Nothing but the pictures should be left out when you copy the records exactly.

Data to process:
=== Begin Enclosure ===
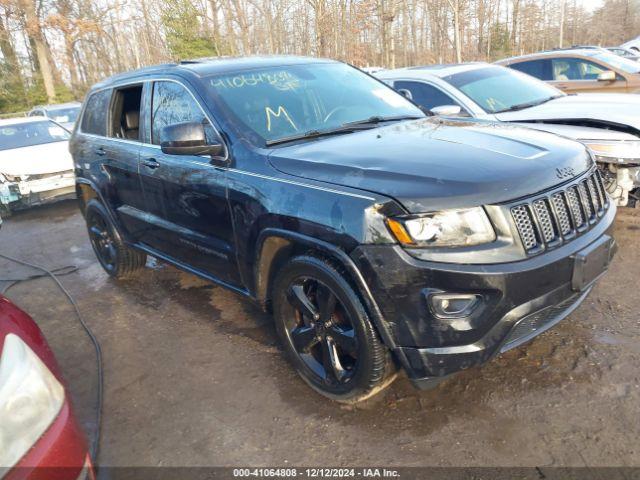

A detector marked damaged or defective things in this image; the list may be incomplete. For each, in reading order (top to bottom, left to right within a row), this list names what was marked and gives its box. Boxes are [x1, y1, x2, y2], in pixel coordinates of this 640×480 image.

dented hood [0, 141, 73, 178]
damaged white vehicle [0, 117, 75, 215]
dented hood [268, 117, 592, 212]
dented hood [498, 93, 640, 132]
damaged suv [70, 57, 616, 402]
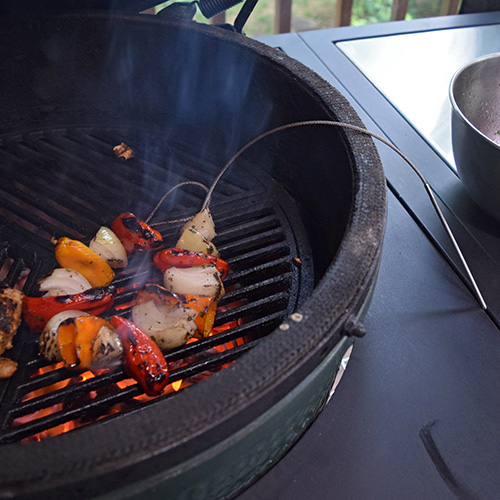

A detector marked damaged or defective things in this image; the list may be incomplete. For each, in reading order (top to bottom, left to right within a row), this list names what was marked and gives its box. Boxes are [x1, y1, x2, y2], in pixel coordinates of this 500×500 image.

charred food bit on grate [0, 288, 24, 376]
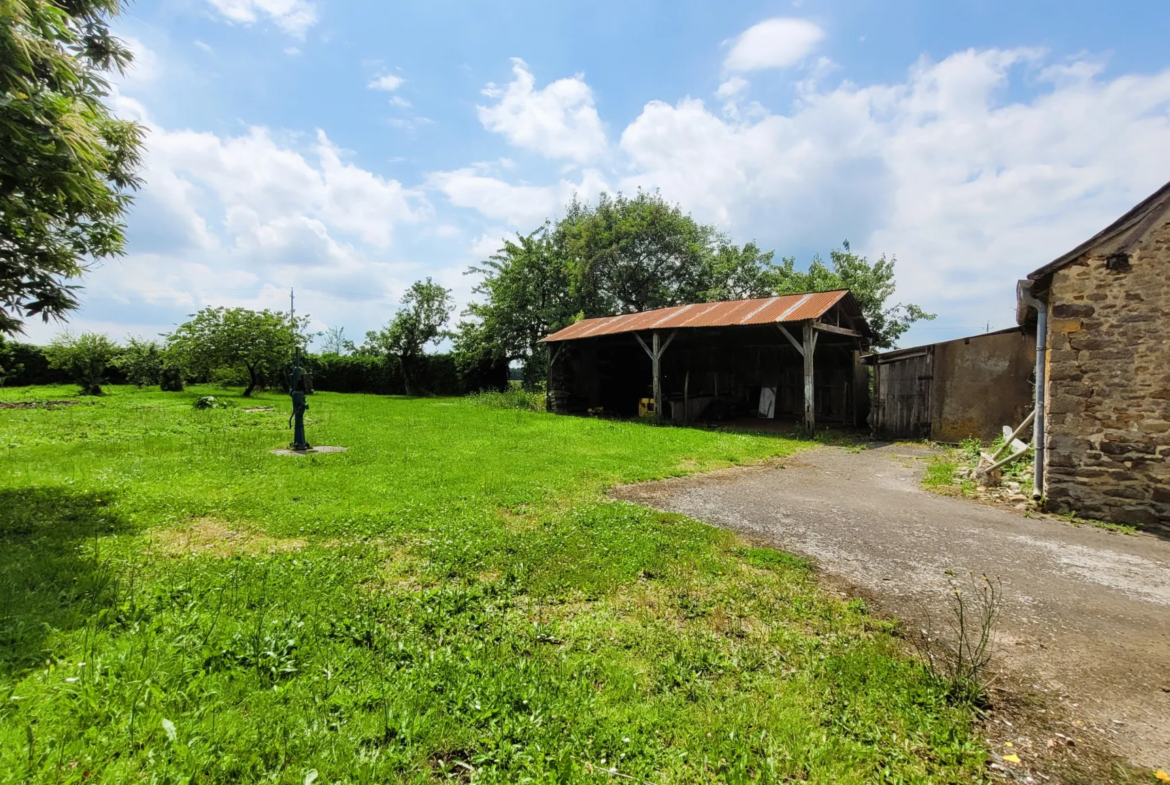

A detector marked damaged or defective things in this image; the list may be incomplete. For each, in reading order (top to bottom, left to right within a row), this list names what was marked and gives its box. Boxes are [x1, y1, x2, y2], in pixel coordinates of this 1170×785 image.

rusty corrugated roof [544, 290, 852, 344]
=== End Enclosure ===
Result of the exercise:
A detector marked damaged or defective things in this image; the list may be incomplete. For each, in reading order (top to bottom, left to right within a row), this list names what was marked and gives its box. Boxes are [x1, y1, x2, y2], in pixel coordinates of this 640×480 image.

dented hood [0, 141, 73, 178]
damaged white vehicle [0, 117, 75, 215]
dented hood [268, 117, 592, 212]
dented hood [498, 93, 640, 132]
damaged suv [70, 57, 616, 402]

A detector marked damaged or defective things in this image; the list may be incomplete. For each, in reading order (top to bottom, left to right within a row), this list names what was marked and gives its box. Boxes are [x1, y1, x2, y2], in pixel coordinates of this 500×500 image.

charred food bit on grate [0, 288, 24, 376]

A detector marked damaged or defective things in this image; the list may be incomplete. For each, in reading order (top to bottom, left to right within a row), this list names what was marked and gives its box. Boxes are [x1, y1, x2, y2], in pixel coordinates of this 1170×785 image.

rusty corrugated roof [544, 290, 852, 344]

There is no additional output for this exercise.